◆ **WHAT NEEDS TO BE DONE**
What must be written out is each line from the one holding "French Connection Men" through the end of the records, word for word, minus any pictures.

[Brief descriptive captions]

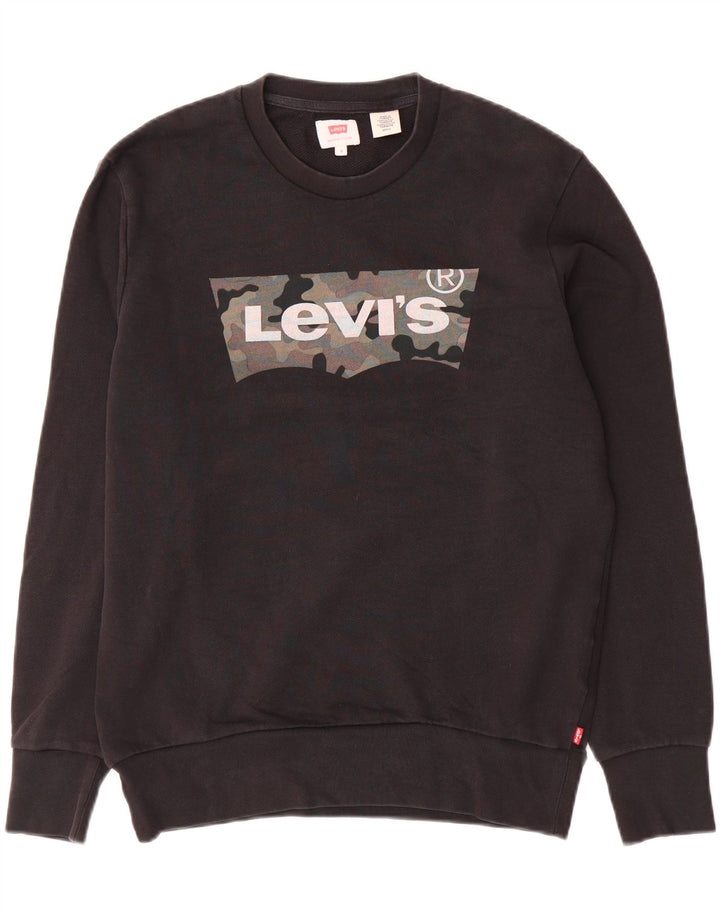 Levi's Mens Graphic Sweatshirt Jumper Small Black Cotton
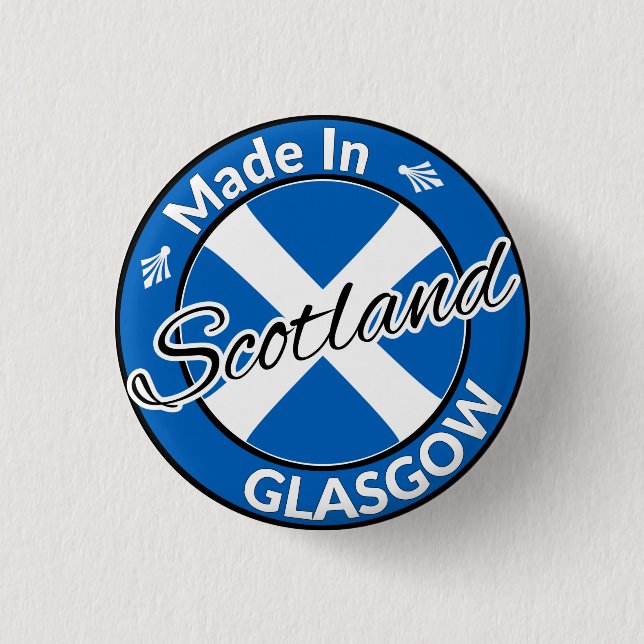 Made in Glasgow Scotland Saltire Flag 3 Cm Round Badge (Front)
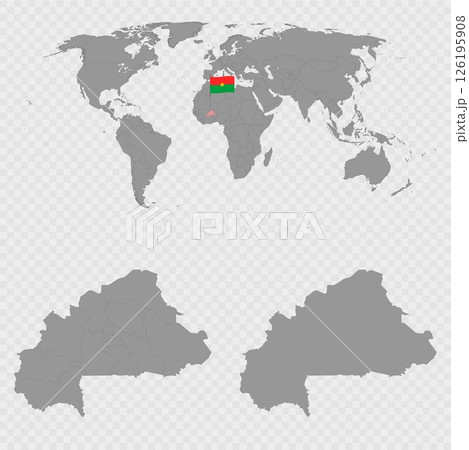 Burkina Faso Map Set with World Location. 126195908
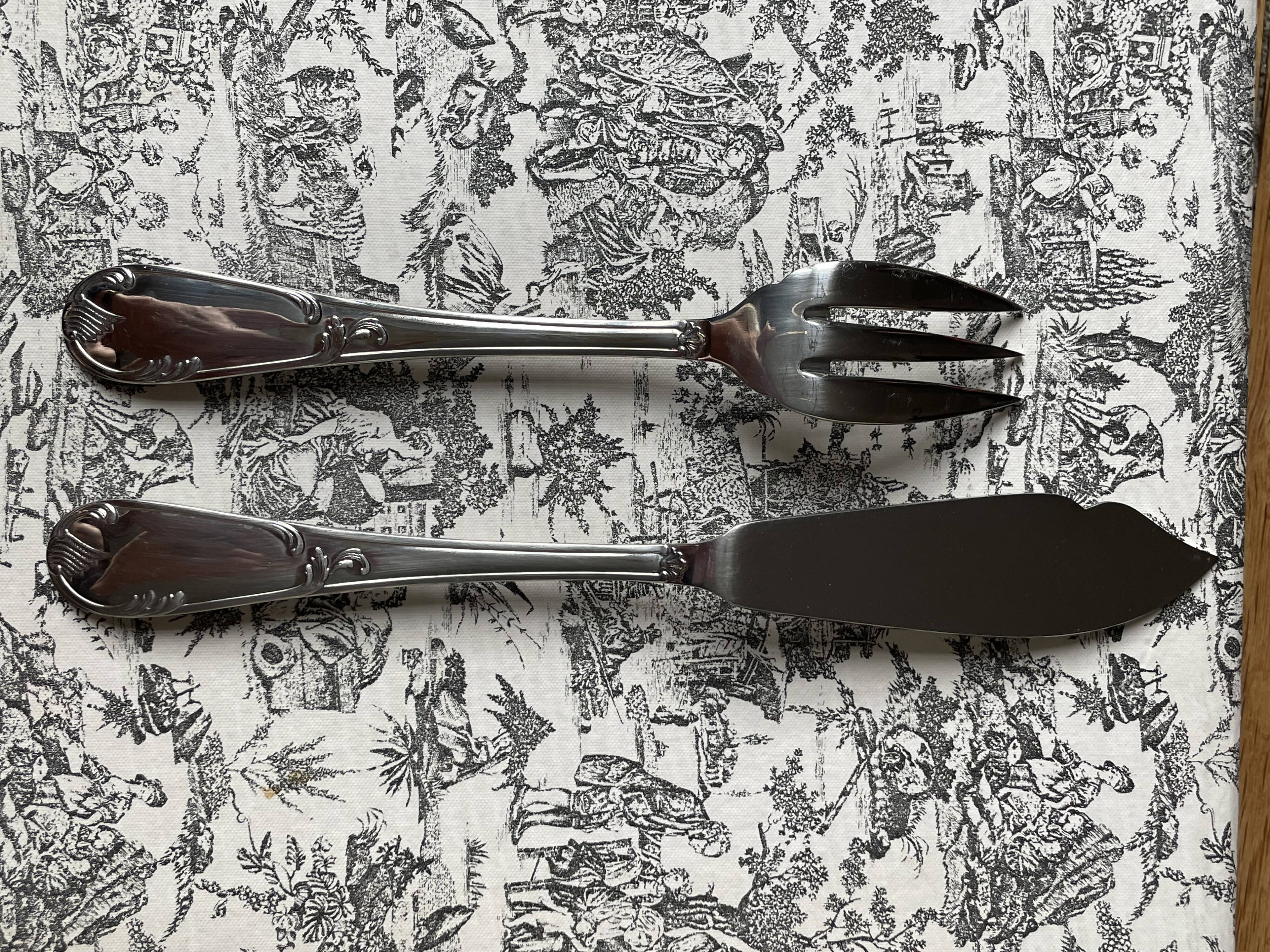Vintage toile de Jouy cutlery set for 12 fish forks, stainless steel 18/10, like new.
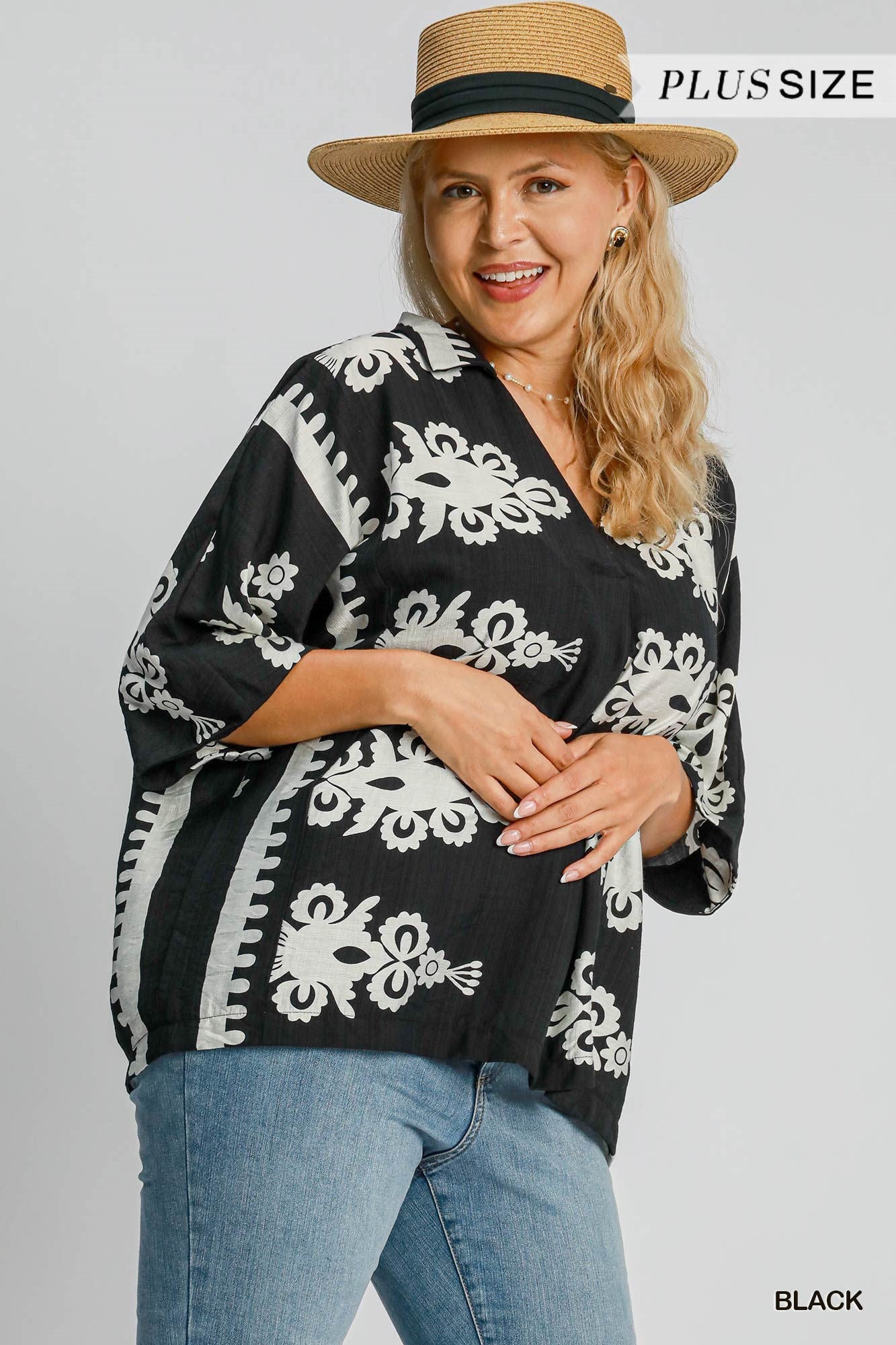 Black Border Print Top (P)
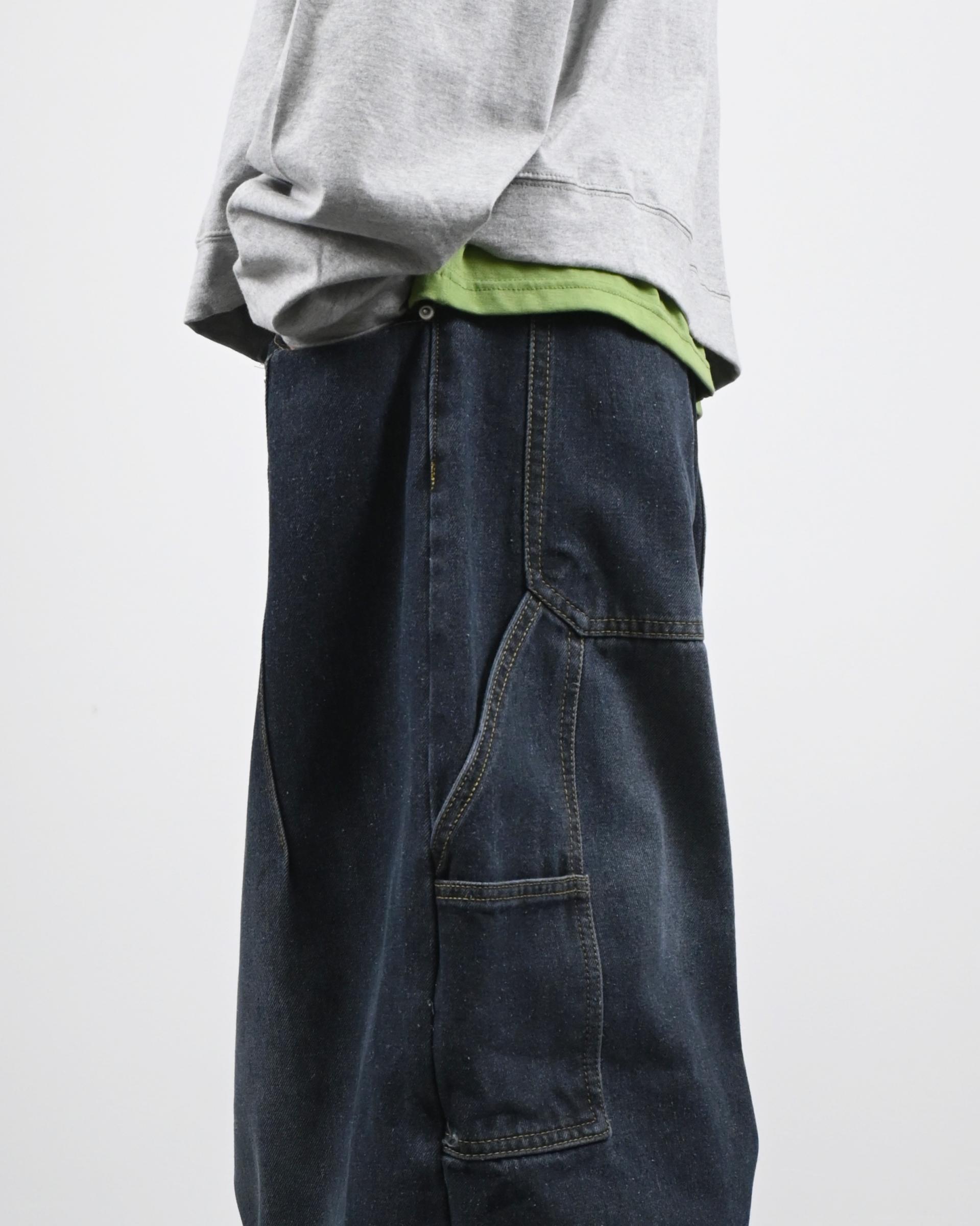 ash washed carpenter balloon denim pants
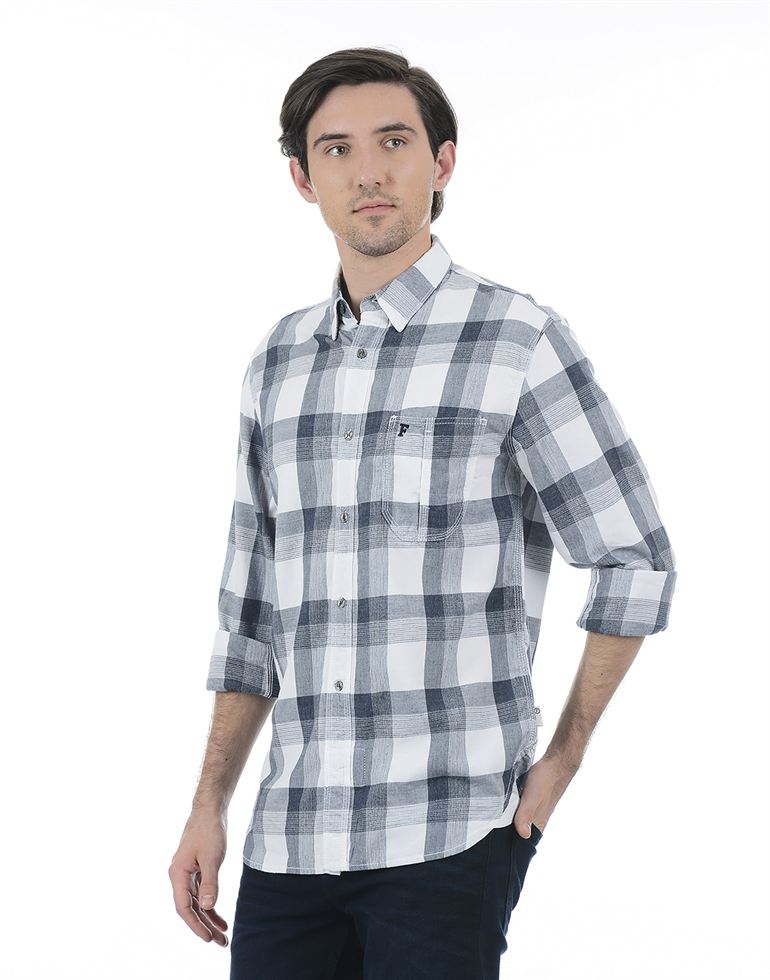 French Connection Men Casual Wear Checkered Shirt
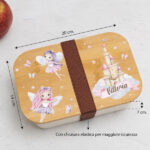 Miniatura di Portapranzo per Bambini con Coperchio in Legno Fate Personalizzato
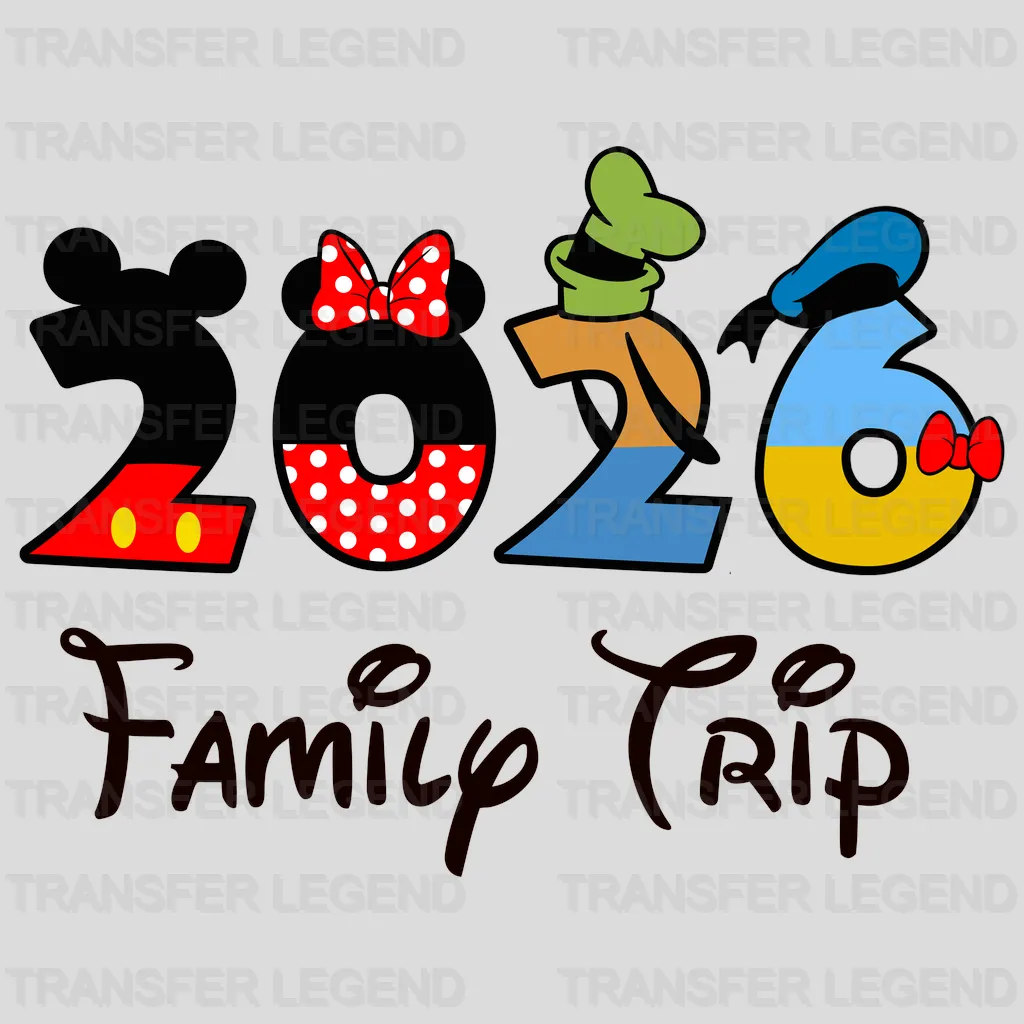 Vacation Trip 2026 Minnie & Mickey Cartoon Designs - DTF Heat Transfer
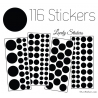 116 Stickers Ronds Mixte - Autocollant Décoration Intérieur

◆ **RESPONSE BELOW**
 French Connection Men Casual Wear Checkered Shirt
 Miniatura di Portapranzo per Bambini con Coperchio in Legno Fate Personalizzato
 Vacation Trip 2026 Minnie & Mickey Cartoon Designs - DTF Heat Transfer
 116 Stickers Ronds Mixte - Autocollant Décoration Intérieur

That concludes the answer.